When you reach the line containing "娄底到恩施土家女儿城旅行社", include it and stop; until then, return each line of the material exactly, starting with the first.
Task input section start
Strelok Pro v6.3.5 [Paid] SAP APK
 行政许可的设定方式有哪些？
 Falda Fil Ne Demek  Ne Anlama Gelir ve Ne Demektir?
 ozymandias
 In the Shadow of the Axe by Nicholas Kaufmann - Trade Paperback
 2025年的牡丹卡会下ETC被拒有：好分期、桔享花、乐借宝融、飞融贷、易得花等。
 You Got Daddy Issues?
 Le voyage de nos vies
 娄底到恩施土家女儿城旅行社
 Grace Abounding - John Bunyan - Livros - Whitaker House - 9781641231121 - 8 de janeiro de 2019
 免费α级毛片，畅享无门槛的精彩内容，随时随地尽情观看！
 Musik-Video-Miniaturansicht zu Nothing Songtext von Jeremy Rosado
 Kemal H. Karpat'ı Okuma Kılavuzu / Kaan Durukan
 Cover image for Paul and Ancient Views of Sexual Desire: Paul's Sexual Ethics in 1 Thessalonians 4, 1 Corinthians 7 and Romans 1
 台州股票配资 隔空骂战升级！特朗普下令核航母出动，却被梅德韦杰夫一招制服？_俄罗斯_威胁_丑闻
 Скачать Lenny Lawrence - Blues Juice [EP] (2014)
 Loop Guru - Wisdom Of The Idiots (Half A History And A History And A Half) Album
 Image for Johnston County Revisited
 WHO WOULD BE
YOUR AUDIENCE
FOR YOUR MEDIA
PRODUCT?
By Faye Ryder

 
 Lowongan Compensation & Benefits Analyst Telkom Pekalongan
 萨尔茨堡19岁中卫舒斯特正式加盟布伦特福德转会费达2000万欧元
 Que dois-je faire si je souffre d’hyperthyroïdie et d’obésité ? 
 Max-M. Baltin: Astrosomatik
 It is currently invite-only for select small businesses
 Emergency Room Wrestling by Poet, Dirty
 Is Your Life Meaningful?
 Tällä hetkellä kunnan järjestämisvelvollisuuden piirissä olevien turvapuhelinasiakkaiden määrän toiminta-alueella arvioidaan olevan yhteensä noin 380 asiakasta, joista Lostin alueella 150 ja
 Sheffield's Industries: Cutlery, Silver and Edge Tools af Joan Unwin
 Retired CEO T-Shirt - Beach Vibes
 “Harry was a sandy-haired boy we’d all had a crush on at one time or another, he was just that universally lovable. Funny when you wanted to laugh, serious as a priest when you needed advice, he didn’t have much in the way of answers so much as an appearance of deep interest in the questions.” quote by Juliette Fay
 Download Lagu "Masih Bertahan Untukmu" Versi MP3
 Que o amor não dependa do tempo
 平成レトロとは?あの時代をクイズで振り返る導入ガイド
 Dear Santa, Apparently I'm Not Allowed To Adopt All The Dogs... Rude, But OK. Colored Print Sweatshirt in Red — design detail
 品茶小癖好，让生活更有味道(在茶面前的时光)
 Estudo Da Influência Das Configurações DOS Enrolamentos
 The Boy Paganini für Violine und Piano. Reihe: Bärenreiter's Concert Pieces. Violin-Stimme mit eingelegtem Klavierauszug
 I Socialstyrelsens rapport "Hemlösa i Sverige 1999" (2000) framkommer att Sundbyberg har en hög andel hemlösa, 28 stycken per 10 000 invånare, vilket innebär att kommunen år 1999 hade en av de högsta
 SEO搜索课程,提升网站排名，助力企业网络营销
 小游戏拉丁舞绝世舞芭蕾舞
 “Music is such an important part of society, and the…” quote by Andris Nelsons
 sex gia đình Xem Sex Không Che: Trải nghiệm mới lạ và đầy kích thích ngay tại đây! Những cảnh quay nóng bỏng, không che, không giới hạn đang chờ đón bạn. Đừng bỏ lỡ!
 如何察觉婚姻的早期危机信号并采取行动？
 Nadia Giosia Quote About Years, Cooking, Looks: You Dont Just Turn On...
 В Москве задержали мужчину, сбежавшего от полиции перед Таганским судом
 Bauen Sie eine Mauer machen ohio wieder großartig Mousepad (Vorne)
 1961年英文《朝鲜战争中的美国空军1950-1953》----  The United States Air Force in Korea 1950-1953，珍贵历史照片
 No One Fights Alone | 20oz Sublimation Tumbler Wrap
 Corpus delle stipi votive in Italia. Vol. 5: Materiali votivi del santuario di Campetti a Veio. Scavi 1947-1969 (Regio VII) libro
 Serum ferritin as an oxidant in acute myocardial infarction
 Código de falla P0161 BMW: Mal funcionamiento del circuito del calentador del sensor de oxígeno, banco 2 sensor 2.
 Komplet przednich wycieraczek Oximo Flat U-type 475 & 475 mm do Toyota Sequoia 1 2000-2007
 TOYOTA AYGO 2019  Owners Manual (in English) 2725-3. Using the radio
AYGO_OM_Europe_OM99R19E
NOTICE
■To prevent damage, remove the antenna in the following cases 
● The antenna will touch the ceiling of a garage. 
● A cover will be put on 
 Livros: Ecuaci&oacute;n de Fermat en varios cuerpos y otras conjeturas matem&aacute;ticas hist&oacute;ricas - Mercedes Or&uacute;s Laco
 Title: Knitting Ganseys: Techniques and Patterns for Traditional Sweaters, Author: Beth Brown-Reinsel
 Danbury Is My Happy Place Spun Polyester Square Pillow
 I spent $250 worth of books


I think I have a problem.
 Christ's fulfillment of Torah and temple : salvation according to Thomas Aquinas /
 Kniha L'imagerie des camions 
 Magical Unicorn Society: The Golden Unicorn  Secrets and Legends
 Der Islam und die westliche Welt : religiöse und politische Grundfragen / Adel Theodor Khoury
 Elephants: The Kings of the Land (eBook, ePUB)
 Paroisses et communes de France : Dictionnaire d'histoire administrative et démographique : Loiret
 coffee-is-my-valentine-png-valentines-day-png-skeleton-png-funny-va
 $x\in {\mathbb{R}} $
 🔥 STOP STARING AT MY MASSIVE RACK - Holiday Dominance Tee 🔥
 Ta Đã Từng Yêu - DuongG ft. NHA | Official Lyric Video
Task input section end
[Exercise result]
Strelok Pro v6.3.5 [Paid] SAP APK
 行政许可的设定方式有哪些？
 Falda Fil Ne Demek  Ne Anlama Gelir ve Ne Demektir?
 ozymandias
 In the Shadow of the Axe by Nicholas Kaufmann - Trade Paperback
 2025年的牡丹卡会下ETC被拒有：好分期、桔享花、乐借宝融、飞融贷、易得花等。
 You Got Daddy Issues?
 Le voyage de nos vies
 娄底到恩施土家女儿城旅行社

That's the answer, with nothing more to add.